Provided data:
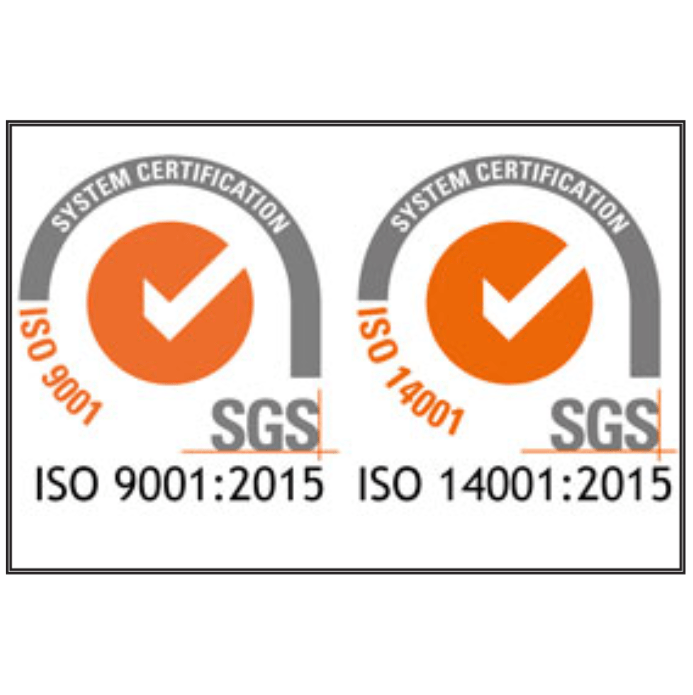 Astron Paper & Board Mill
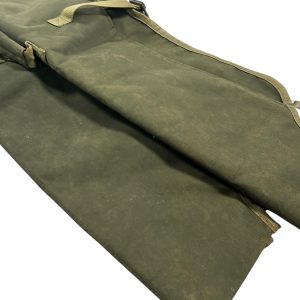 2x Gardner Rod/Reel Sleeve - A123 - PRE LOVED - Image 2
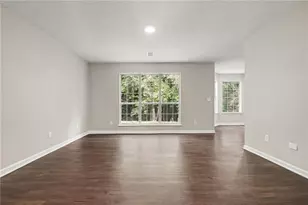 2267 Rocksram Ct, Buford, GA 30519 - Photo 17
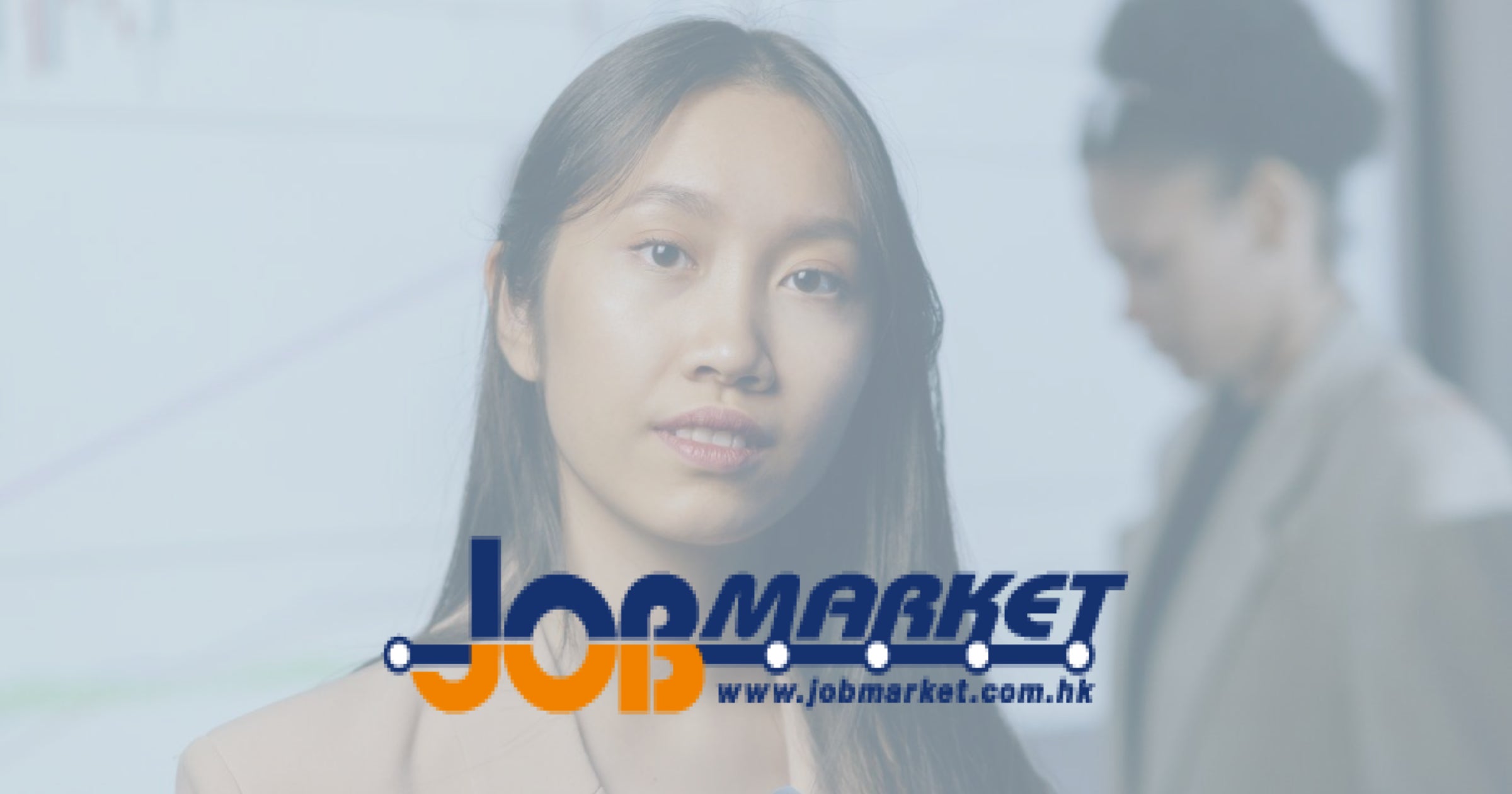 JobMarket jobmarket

The task: Could you print the listing above exactly, without the pictures?

Answer to this problem:
 Astron Paper & Board Mill
 2x Gardner Rod/Reel Sleeve - A123 - PRE LOVED - Image 2
 2267 Rocksram Ct, Buford, GA 30519 - Photo 17
 JobMarket jobmarket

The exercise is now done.